Exercise prompt.
Would you print out all of the data exactly and keep the pictures out of it?

Information provided.
==============================

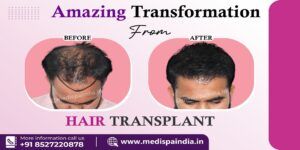 Explain The Importance of Graft in Hair Transplantation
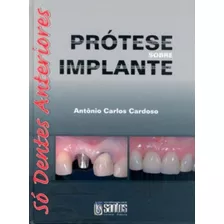 Prótese Sobre Implante - Só Dentes Anteriores, De Cardoso. Livraria Santos Editora Comércio E Importação Ltda., Capa Dura Em Português, 2008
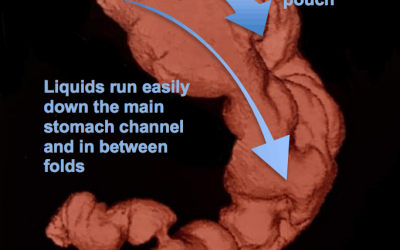 Introducing Endoscopic Sleeve Gastroplasty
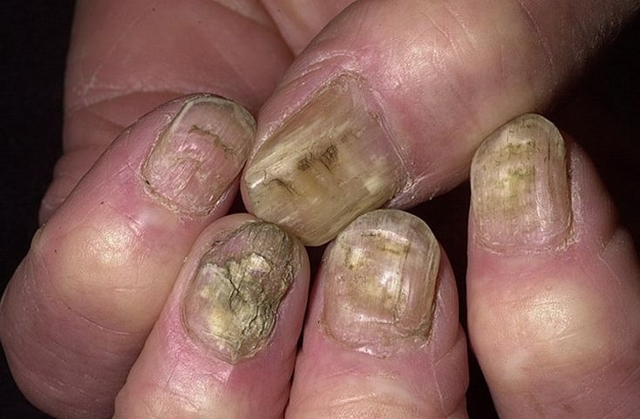 Темні плями або крапки на нігтях - причини, фото, лікування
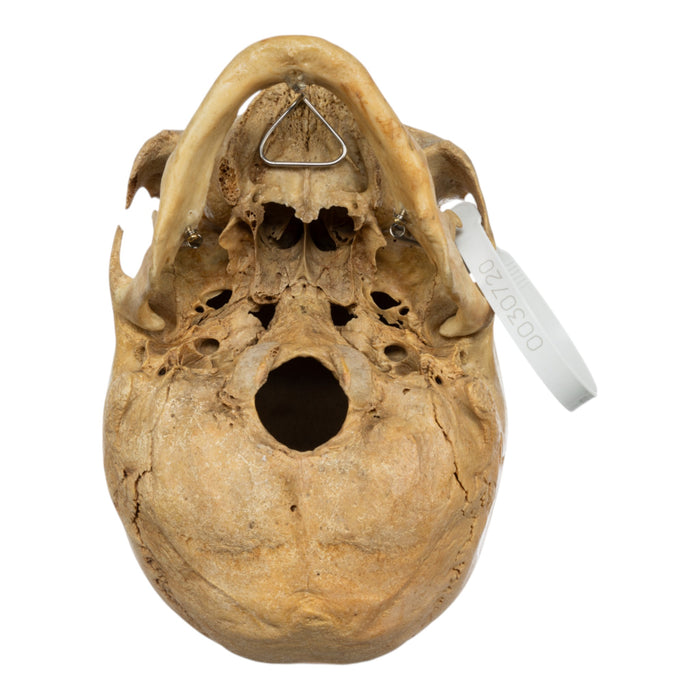 Real Human Skull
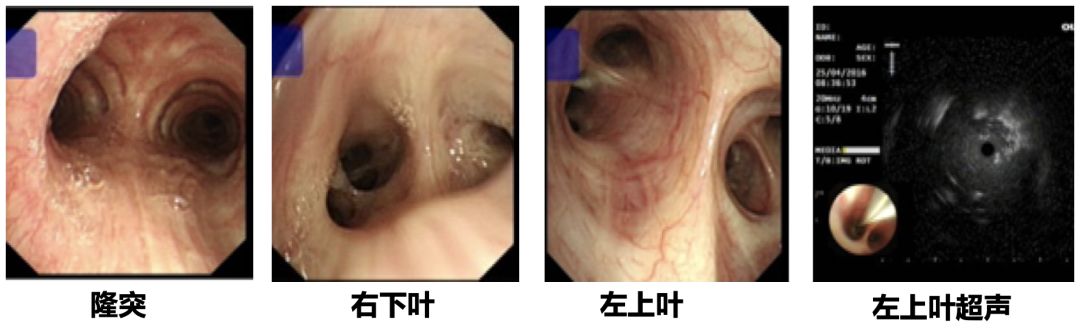 抗感染治疗后效果欠佳，感染非感染？TBLB和肺穿刺病理有哪些提示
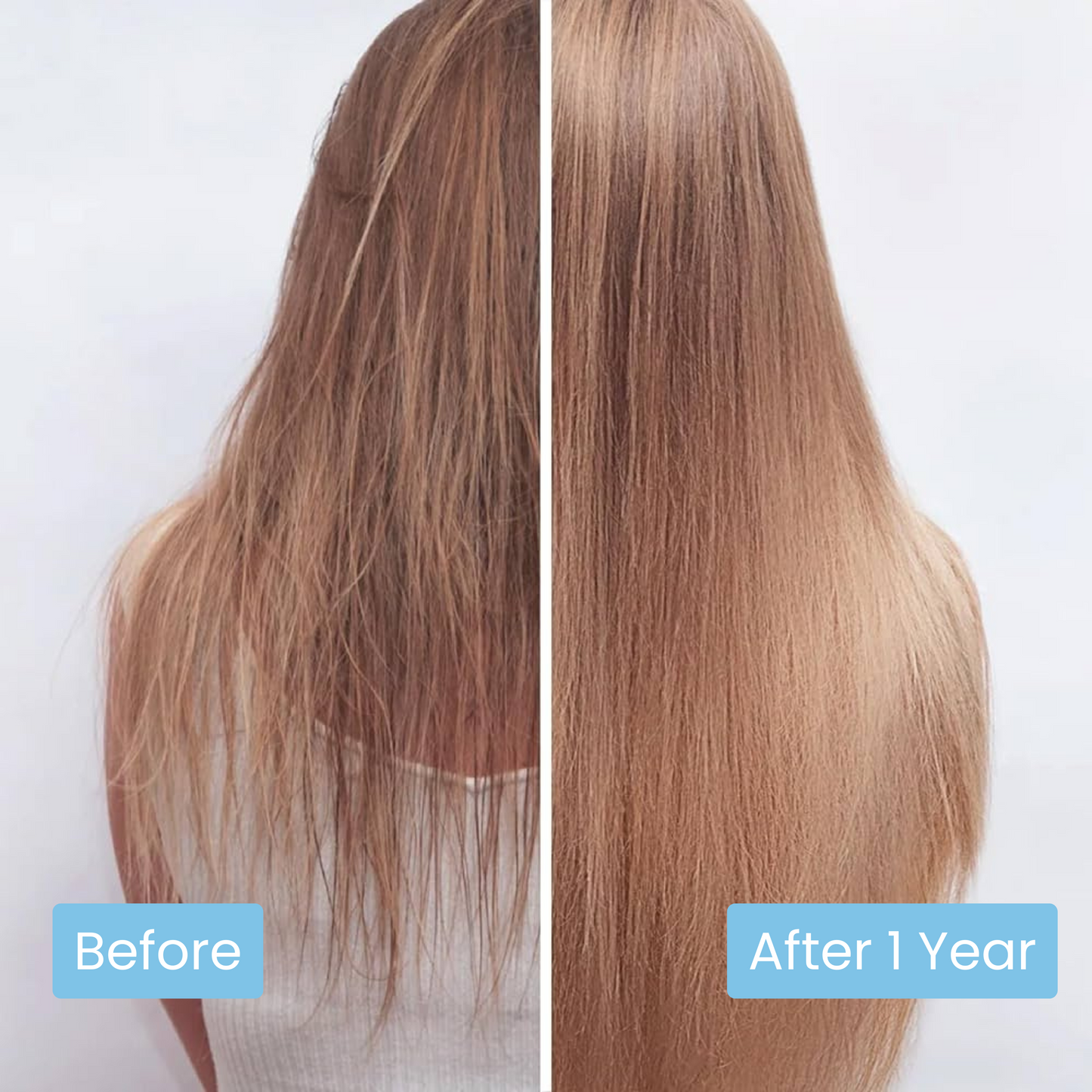 Scalpy® Hair Growth Ampoule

==============================

Worked solution.
 Explain The Importance of Graft in Hair Transplantation
 Prótese Sobre Implante - Só Dentes Anteriores, De Cardoso. Livraria Santos Editora Comércio E Importação Ltda., Capa Dura Em Português, 2008
 Introducing Endoscopic Sleeve Gastroplasty
 Темні плями або крапки на нігтях - причини, фото, лікування
 Real Human Skull
 抗感染治疗后效果欠佳，感染非感染？TBLB和肺穿刺病理有哪些提示
 Scalpy® Hair Growth Ampoule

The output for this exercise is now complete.